Dataset records below:

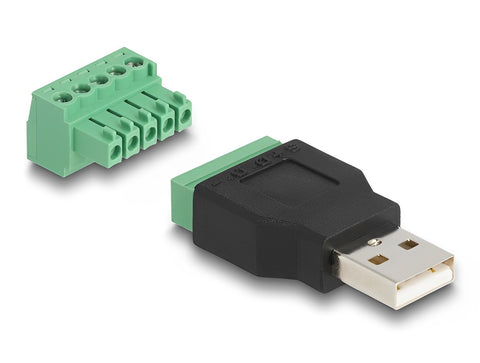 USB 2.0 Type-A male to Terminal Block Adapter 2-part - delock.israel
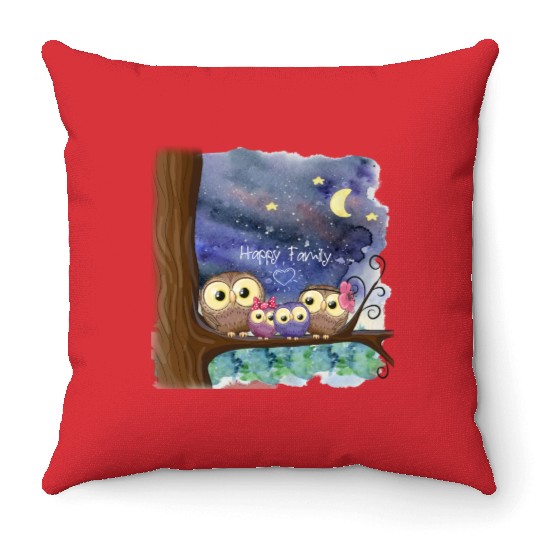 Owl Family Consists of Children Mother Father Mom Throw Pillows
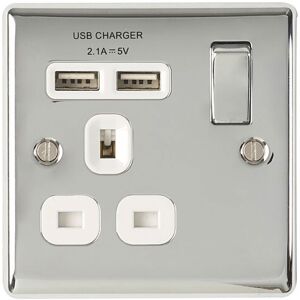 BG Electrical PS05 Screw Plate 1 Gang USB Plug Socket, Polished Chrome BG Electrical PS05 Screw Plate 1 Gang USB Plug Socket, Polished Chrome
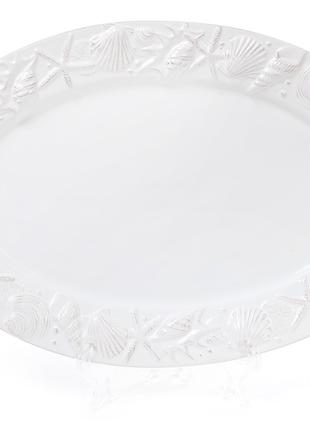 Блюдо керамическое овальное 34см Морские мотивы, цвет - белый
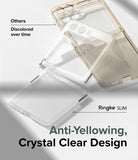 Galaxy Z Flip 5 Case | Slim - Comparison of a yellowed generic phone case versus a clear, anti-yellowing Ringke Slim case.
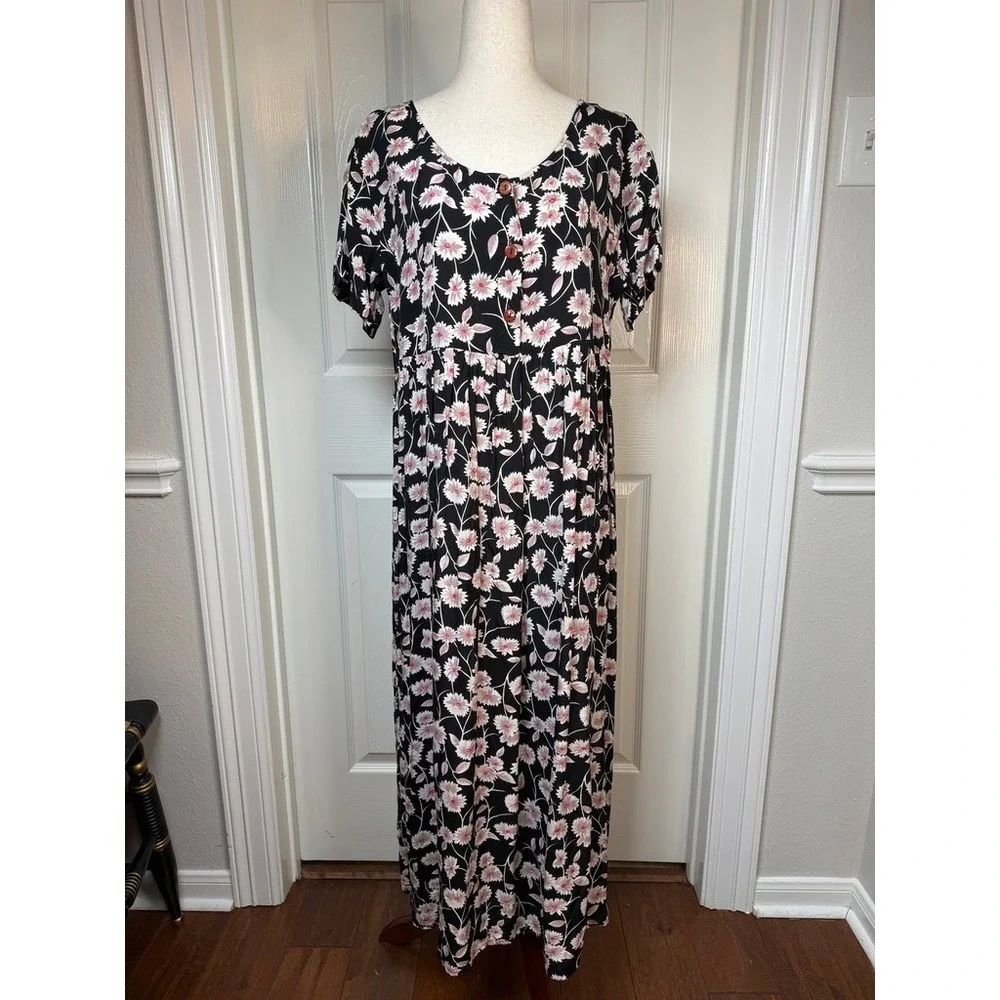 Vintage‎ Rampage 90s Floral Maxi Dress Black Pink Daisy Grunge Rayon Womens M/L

End of Dataset records.
Dataset records below:

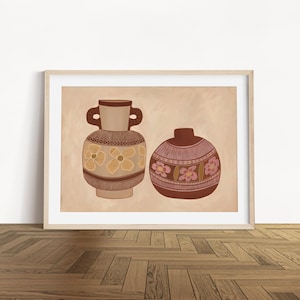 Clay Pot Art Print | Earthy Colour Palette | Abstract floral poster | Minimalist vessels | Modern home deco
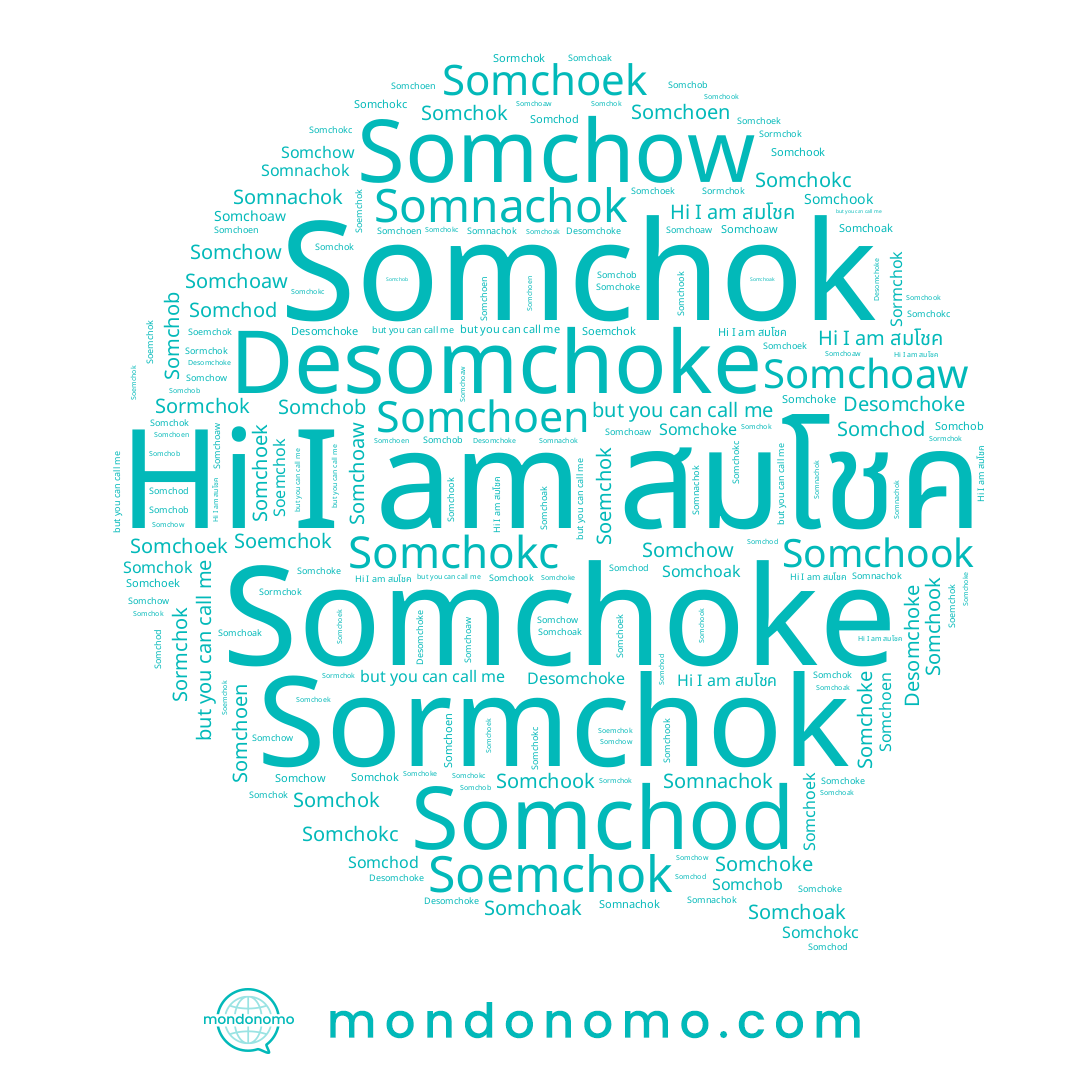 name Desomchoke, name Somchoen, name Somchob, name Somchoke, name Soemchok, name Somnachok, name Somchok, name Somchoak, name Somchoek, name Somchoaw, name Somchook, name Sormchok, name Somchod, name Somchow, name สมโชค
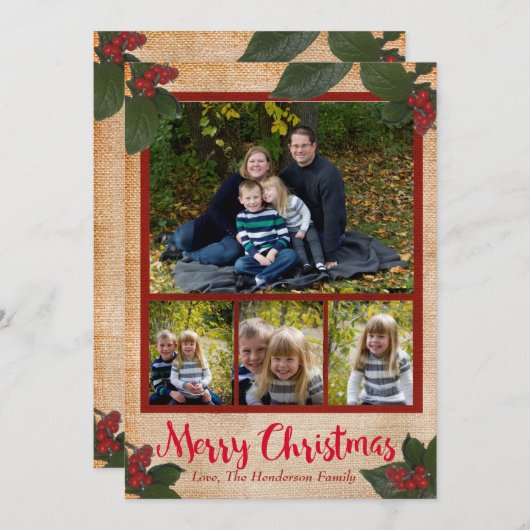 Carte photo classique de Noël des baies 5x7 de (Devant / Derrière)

End of Dataset records.

Beginning with the line holding "Polished Chrome BG" in the material above, restate word for word each line through the line holding "Vintage‎ Rampage 90s", and exclude pictures.

### Finished task
 BG Electrical PS05 Screw Plate 1 Gang USB Plug Socket, Polished Chrome BG Electrical PS05 Screw Plate 1 Gang USB Plug Socket, Polished Chrome
 Блюдо керамическое овальное 34см Морские мотивы, цвет - белый
 Galaxy Z Flip 5 Case | Slim - Comparison of a yellowed generic phone case versus a clear, anti-yellowing Ringke Slim case.
 Vintage‎ Rampage 90s Floral Maxi Dress Black Pink Daisy Grunge Rayon Womens M/L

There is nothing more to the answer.